DEADLINE EXTENSION: March 10 -- Workshop on Extracting Structured Knowledge from Scientific Publications

Event Notification Type: 
Call for Papers
Abbreviated Title: 
ESSP
Location: 
collocated with NAACL 2019
Thursday, 6 June 2019
State: 
Minnesota
Country: 
USA
City: 
Minneapolis
Contact: 
Vivi Nastase
Submission Deadline: 
Sunday, 10 March 2019

Scientific knowledge is one of the greatest assets of humankind. This knowledge is recorded and disseminated in scientific publications, and the body of scientific literature is growing at an enormous rate. Automatic methods of processing and cataloguing that information are necessary for assisting scientists to navigate this vast amount of information, and for facilitating automated reasoning, discovery and decision making on that data.

Structured information can be extracted at different levels of granularity. Previous and ongoing work has focused on bibliographic information (segmentation and linking of referenced literature, Wick et al., 2013), keyword extraction and categorization (e.g., what are tasks, materials and processes central to a publication, (Augenstein et al., 2017)), and cataloguing research findings. Scientific discoveries can often be represented as pairwise relationships, e.g., protein-protein (Mallory et al., 2016), drug-drug (Segura-Bedmar et al., 2013), and chemical-disease (Li et al., 2016) interactions, or as more complicated networks such as action graphs describing scientific procedures (e.g., synthesis recipes in material sciences, (Mysore et al., 2017)). Information extracted with such methods can be enriched with time-stamps, and other meta-information, such as indicators of uncertainty or limitations of the discovered facts (Zhou et al., 2015).
Structured representations, such as knowledge graphs, summarize information from a variety of sources in a convenient and machine readable format. Graph representations, that link the information of a large body of publications, can reveal patterns and lead to the discovery of new information that would not be apparent from the analysis of just one publication. This kind of aggregation can lead to new scientific insights (Kim et al., 2017), and it can also help to detect trends (Prabhakaran et al., 2016), or find experts for a particular scientific area (Neshati et al., 2014).

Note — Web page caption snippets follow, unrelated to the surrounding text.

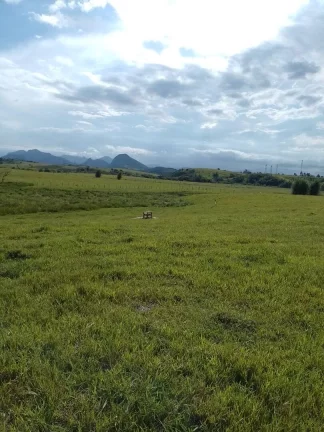 Imagem Propriedade Rural a venda em capelinha do amparo Carapebús RJ.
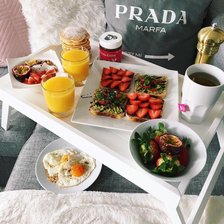 Схема вышивки «Завтрак»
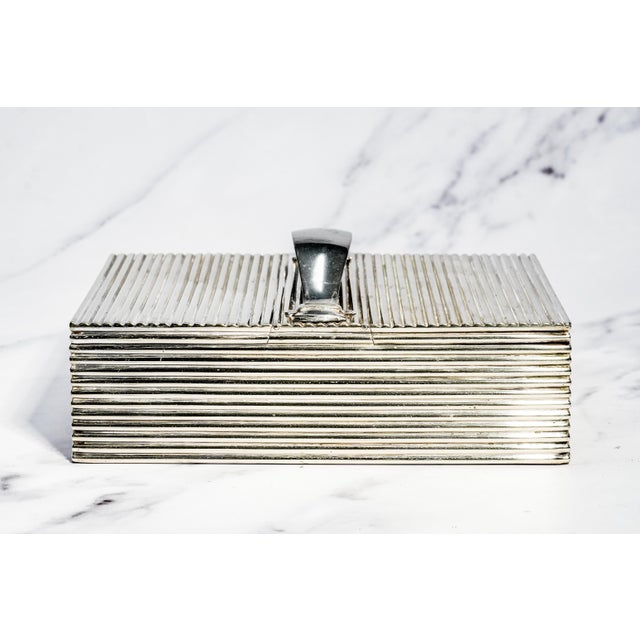 Handsome English Antique Ribbed Silverplate Tobacco Cigar Cigarette Box Home Decor For Sale In New York - Image 6 of 15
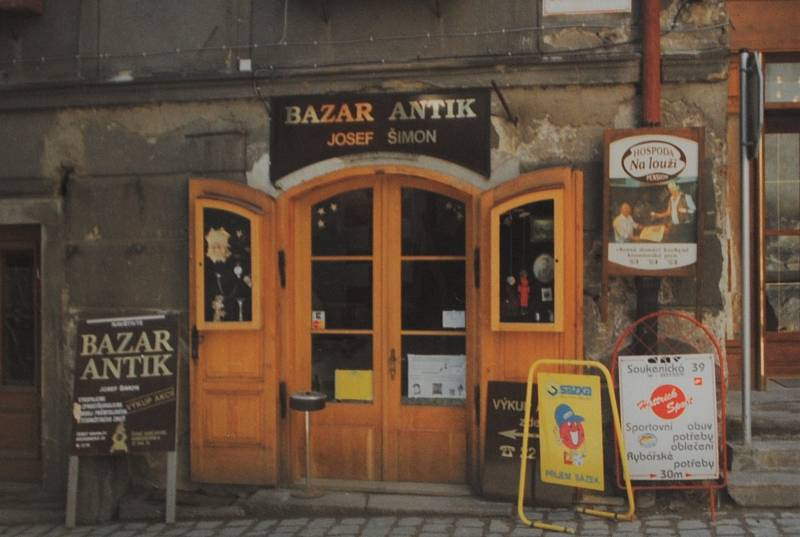 Český Krumlov v roce 1995. Soukromý Bazar Antik p. Jos. Šimona v Soukenické ul. 33.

While various workshops have focused separately on several aspects -- extraction of information from scientific articles, building and using knowledge graphs, the analysis of bibliographical information, graph algorithms for text analysis -- the proposed workshop focuses on processing scientific articles and creating structured repositories such as knowledge graphs for finding new information and making scientific discoveries. The aim of this workshop is to identify the necessary representations for facilitating automated reasoning over scientific information, and to bring together experts in natural language processing and information extraction with scientists from other domains (e.g. material sciences, biomedical research) who want to leverage the vast amount of information stored in scientific publications.